Neat! This means that, as long as we can get a hold of the underlying Cowboy
Req
object somehow, we should be able to change this idle timeout on a
per-connection granularity, dynamically within the request handler. Phoenix
provides us only the conn
and params
parameters, so let's inspect the more
promising conn
first, by writing IO.inspect(conn)
in our request handler:
%Plug.Conn{ adapter: {Plug.Cowboy.Conn, :...}, assigns: %{}, body_params: %{}, [...]
Okay, conn.adapter
looks interesting. Let's inspect
that tuple specifically:
{Plug.Cowboy.Conn, %{ bindings: %{}, body_length: 0, cert: :undefined, has_body: false, headers: %{
It looks like conn.adapter
contains a tuple of
{Plug.Cowboy.Conn, cowboy_req}
, where
cowboy_req
is the Cowboy Req
object! We can try to
issue the cowboy_req:cast
call from the Cowboy
documentation, by passing a request timeout of :infinity
:
def sse_req(conn, _params) do {Plug.Cowboy.Conn, cowboy_req} = conn.adapter :cowboy_req.cast({:set_options, %{ idle_timeout: :infinity }}, cowboy_req)
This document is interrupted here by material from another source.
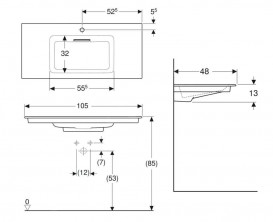 Раковина для ванной Geberit One 105x47.5 см с отверстием под смеситель санкерамика белый/KeraTect 505.015.00.1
And re-running our cURL request now gives us:
> time curl -v http://localhost:4000/sse * Trying 127.0.0.1:4000... * Connected to localhost (127.0.0.1) port 4000 (#0) > GET /sse HTTP/1.1 > Host: localhost:4000 > User-Agent: curl/8.1.1 > Accept: */* > < HTTP/1.1 200 OK < Cache-Control: no-cache < Connection: keep-alive < Content-Type: text/event-stream; charset=utf-8 < cache-control: max-age=0, private, must-revalidate < date: Wed, 15 Nov 2023 16:31:10 GMT < server: Cowboy < transfer-encoding: chunked < x-request-id: F5fY5wXDXoT_TToAAABB < :keepalive :keepalive :keepalive :keepalive :keepalive :keepalive [...]
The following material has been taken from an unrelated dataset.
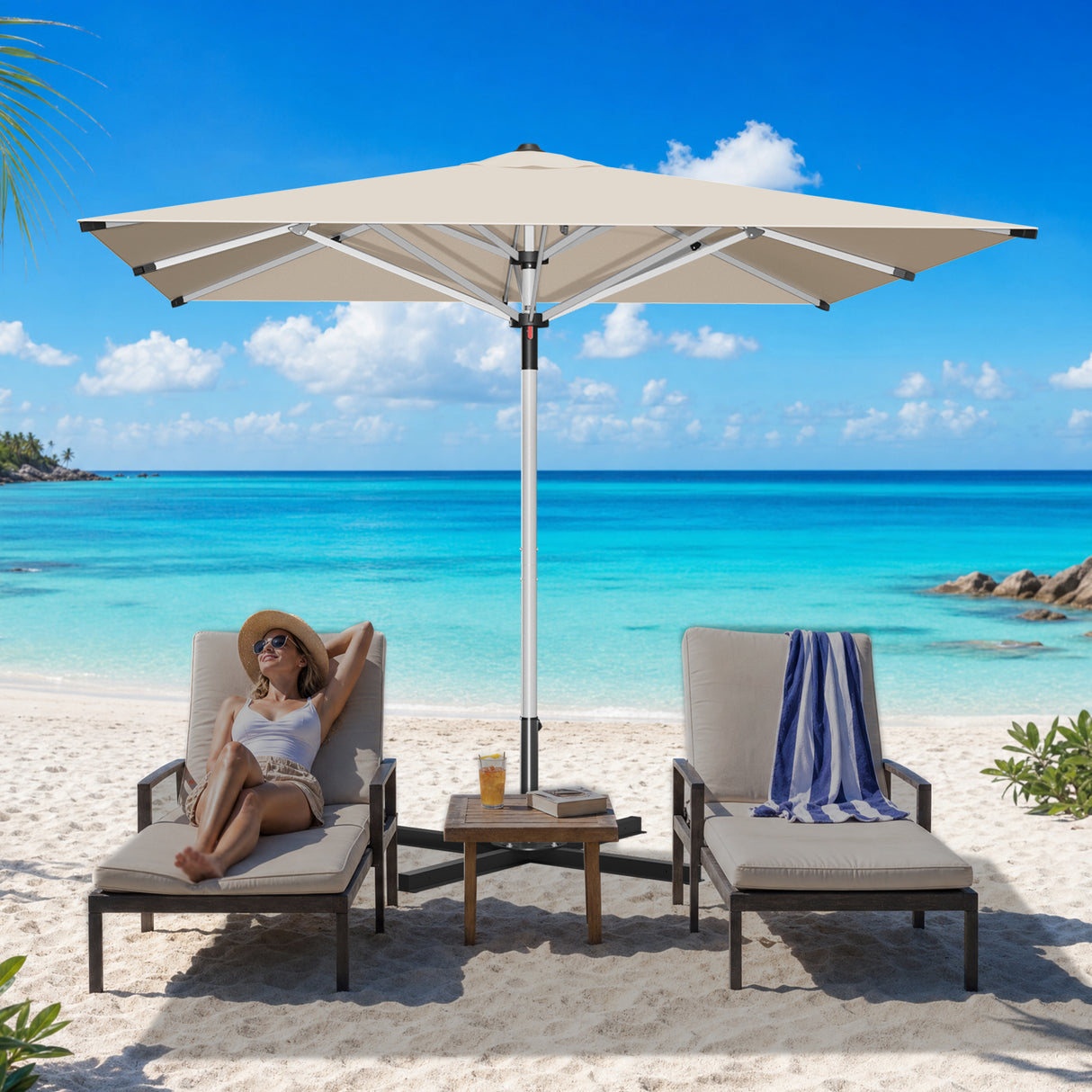 Patioslife Outdoor Umbrella — Square & Round | Heavy-Duty Aluminium Pole, Double-Vented Canopy | 2.7m, 3m & 3.35m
Sweet! With this, we can control Cowboy's idle timeout for each
connection. Furthermore, by moving the :cowboy_req:cast
invocation after authentication checks have occurred, we
can still subject all unauthenticated request to the default global idle
timeout.
As far as I know, the Plug
library is designed to be
usable with different HTTP server implementations, and Cowboy is just one of
them. Supposedly, this means that the {Plug.Cowboy.Conn, cowboy_req} = conn.adapter
match may raise an
exception, if a different HTTP server is used. For my purposes, I deem this
acceptable – this endpoint has not been tested with any other HTTP server, and
should thus fail when not using Cowboy. Depending on your constraints, you may
instead choose to put the timeout-setting logic behind a case
match guard to more gracefully handle this case.